Besides his youthful stint working in the clubs, Bryars earliest musical activities were as a bass player, especially in the trio Joseph Holbrooke, alongside guitarist Derek Bailey and percussionist Tony Oxley (their music was free improvisation, but they borrowed their name from a late-Romantic English composer with an Edgar Allan Poe fixation). Under John Cage’s guidance, Bryars’ 1960s and early 70s text scores became key works of the English Experimental movement. This was a loose association of composers (among them Cornelius Cardew, John White, and Howard Skempton), whose music shares a wry, somewhat pastoral sensibility, far removed from the propulsive and quasi-scientific scores of US minimalists and experimentalists.

Bryars’ work from this period has a streak of dadaism running through it.
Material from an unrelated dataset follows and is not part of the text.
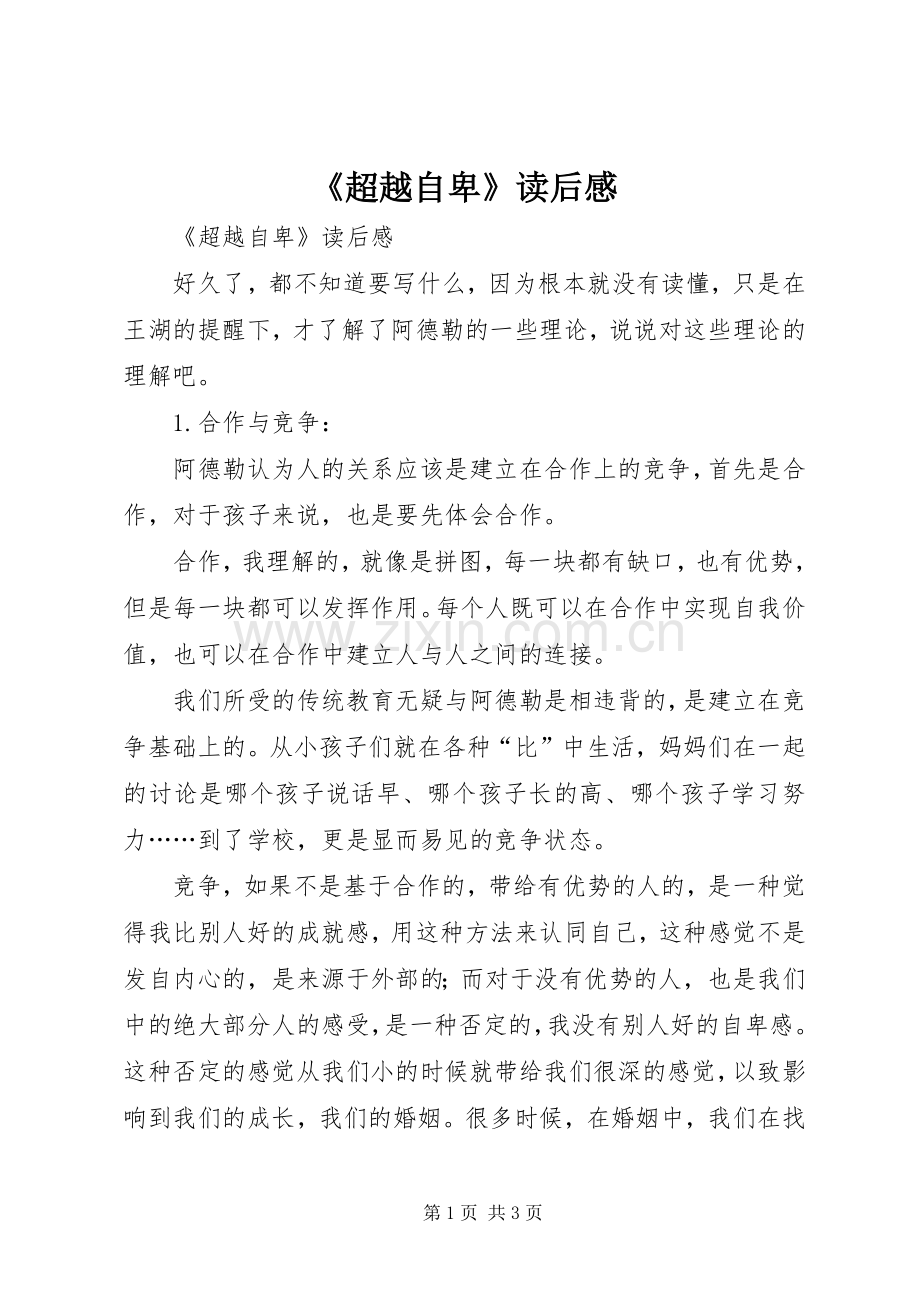 《超越自卑》读后感 .docx_第1页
For example, ‘Far Away And Dimly Pealing’ (1972) is predicated on the instruction to "cause sounds to occur at least one mile from the performer". In 1970, Bryars was also a founding member of the Portsmouth Sinfonia, an art-school ensemble whose rejection of the notion of musical ability led to notorious, hilarious performances of standard orchestral repertoire, piquing the interest of Brian Eno, who joined on clarinet. Bryar’s mischievousness and intellectualism led to a parallel interest in experimental literature, in the works of the Oulipo group of writers, Raymond Roussel and the "science of imaginary solutions", ‘pataphysics.

These esoteric influences might not suggest a career trajectory into mass appeal, but Bryars’ work has found an international audience in the last 50 years. In part, this is due to the success of ‘Jesus’ Blood Never Failed Me Yet’ (originally written in 1971 and recorded and reimagined many times since). In this work, the singing of an anonymous homeless man (unlocatable and presumed to have died before the work’s completion) is heard on a tape loop. This fragile, disembodied voice is gradually illuminated by instrumental chords: an orchestral halo. The effect is both profound and openly sentimental.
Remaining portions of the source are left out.